Data shown Block Start
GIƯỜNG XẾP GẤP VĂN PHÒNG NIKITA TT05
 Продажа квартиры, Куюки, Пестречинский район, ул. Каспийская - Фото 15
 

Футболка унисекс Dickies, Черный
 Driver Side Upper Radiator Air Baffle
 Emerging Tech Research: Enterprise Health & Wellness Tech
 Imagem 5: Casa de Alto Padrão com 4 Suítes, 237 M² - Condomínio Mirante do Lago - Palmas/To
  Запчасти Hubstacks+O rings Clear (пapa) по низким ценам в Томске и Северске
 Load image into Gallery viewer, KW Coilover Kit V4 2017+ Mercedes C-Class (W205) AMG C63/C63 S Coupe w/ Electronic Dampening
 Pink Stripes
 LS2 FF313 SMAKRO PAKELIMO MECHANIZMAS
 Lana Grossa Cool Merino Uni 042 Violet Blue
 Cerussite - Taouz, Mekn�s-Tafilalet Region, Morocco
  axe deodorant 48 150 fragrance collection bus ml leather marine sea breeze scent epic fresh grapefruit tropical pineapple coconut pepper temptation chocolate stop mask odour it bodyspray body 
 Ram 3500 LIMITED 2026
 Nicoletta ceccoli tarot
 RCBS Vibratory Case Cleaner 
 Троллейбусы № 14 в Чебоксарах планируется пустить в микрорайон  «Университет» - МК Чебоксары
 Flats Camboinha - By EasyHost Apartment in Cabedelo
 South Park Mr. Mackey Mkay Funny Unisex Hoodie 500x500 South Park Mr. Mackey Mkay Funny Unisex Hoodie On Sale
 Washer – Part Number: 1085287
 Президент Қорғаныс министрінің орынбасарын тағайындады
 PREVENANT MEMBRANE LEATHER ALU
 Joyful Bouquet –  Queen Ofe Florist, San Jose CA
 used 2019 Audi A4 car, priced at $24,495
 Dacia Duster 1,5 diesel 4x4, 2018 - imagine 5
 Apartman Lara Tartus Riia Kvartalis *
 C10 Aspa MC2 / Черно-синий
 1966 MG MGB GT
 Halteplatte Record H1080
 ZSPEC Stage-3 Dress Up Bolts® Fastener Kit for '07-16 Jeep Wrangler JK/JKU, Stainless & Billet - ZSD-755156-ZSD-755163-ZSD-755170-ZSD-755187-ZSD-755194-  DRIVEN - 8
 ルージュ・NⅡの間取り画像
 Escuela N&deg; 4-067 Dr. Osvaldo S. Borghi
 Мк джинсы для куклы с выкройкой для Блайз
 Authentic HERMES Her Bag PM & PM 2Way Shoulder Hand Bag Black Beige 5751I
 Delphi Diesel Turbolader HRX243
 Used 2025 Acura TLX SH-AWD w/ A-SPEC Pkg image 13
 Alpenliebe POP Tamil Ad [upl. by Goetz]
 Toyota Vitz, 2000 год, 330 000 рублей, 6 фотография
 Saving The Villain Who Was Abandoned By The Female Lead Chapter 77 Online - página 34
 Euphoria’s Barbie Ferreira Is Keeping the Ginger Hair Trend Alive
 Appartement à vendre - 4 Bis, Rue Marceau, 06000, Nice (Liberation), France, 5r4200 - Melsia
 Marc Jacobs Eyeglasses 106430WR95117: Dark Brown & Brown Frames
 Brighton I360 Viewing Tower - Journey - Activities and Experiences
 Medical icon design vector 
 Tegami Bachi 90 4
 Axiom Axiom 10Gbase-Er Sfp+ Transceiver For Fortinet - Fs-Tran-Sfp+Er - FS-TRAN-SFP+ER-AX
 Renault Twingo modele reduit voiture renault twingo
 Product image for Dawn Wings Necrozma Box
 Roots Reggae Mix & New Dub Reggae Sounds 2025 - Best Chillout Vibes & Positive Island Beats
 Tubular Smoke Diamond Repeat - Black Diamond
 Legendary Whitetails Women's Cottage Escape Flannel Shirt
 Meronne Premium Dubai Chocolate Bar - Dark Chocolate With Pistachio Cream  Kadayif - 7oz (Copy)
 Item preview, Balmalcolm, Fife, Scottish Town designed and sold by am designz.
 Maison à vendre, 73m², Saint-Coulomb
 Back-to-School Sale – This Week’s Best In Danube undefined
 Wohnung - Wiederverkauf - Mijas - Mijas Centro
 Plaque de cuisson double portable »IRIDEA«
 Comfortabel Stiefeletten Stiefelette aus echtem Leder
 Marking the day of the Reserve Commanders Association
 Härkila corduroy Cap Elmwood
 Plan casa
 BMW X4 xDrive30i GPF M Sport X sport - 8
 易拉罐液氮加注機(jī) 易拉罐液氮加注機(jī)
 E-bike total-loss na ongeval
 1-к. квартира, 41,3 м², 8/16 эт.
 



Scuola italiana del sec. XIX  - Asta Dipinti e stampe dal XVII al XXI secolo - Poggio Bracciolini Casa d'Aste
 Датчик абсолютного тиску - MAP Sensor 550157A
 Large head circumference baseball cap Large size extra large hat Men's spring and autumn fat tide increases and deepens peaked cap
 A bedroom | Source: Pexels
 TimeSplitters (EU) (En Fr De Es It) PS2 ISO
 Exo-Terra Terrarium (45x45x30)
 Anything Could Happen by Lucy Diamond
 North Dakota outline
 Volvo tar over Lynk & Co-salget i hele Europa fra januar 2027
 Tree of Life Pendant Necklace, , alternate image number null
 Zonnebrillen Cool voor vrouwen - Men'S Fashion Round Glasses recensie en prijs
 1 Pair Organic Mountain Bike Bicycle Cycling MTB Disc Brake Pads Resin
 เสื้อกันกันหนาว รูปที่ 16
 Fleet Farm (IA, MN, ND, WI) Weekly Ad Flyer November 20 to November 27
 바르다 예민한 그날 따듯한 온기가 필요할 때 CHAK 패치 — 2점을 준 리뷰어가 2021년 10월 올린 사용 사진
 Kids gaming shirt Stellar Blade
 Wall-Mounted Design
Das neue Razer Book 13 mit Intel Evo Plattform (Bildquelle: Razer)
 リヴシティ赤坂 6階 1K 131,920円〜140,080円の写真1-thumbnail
Data shown Block End
● **What is needed**
Everything from the first line of the records above to the line containing "Used 2025 Acura", inclusive, should be repeated exactly; leave out the rest.

● **Written answer**
GIƯỜNG XẾP GẤP VĂN PHÒNG NIKITA TT05
 Продажа квартиры, Куюки, Пестречинский район, ул. Каспийская - Фото 15
 

Футболка унисекс Dickies, Черный
 Driver Side Upper Radiator Air Baffle
 Emerging Tech Research: Enterprise Health & Wellness Tech
 Imagem 5: Casa de Alto Padrão com 4 Suítes, 237 M² - Condomínio Mirante do Lago - Palmas/To
  Запчасти Hubstacks+O rings Clear (пapa) по низким ценам в Томске и Северске
 Load image into Gallery viewer, KW Coilover Kit V4 2017+ Mercedes C-Class (W205) AMG C63/C63 S Coupe w/ Electronic Dampening
 Pink Stripes
 LS2 FF313 SMAKRO PAKELIMO MECHANIZMAS
 Lana Grossa Cool Merino Uni 042 Violet Blue
 Cerussite - Taouz, Mekn�s-Tafilalet Region, Morocco
  axe deodorant 48 150 fragrance collection bus ml leather marine sea breeze scent epic fresh grapefruit tropical pineapple coconut pepper temptation chocolate stop mask odour it bodyspray body 
 Ram 3500 LIMITED 2026
 Nicoletta ceccoli tarot
 RCBS Vibratory Case Cleaner 
 Троллейбусы № 14 в Чебоксарах планируется пустить в микрорайон  «Университет» - МК Чебоксары
 Flats Camboinha - By EasyHost Apartment in Cabedelo
 South Park Mr. Mackey Mkay Funny Unisex Hoodie 500x500 South Park Mr. Mackey Mkay Funny Unisex Hoodie On Sale
 Washer – Part Number: 1085287
 Президент Қорғаныс министрінің орынбасарын тағайындады
 PREVENANT MEMBRANE LEATHER ALU
 Joyful Bouquet –  Queen Ofe Florist, San Jose CA
 used 2019 Audi A4 car, priced at $24,495
 Dacia Duster 1,5 diesel 4x4, 2018 - imagine 5
 Apartman Lara Tartus Riia Kvartalis *
 C10 Aspa MC2 / Черно-синий
 1966 MG MGB GT
 Halteplatte Record H1080
 ZSPEC Stage-3 Dress Up Bolts® Fastener Kit for '07-16 Jeep Wrangler JK/JKU, Stainless & Billet - ZSD-755156-ZSD-755163-ZSD-755170-ZSD-755187-ZSD-755194-  DRIVEN - 8
 ルージュ・NⅡの間取り画像
 Escuela N&deg; 4-067 Dr. Osvaldo S. Borghi
 Мк джинсы для куклы с выкройкой для Блайз
 Authentic HERMES Her Bag PM & PM 2Way Shoulder Hand Bag Black Beige 5751I
 Delphi Diesel Turbolader HRX243
 Used 2025 Acura TLX SH-AWD w/ A-SPEC Pkg image 13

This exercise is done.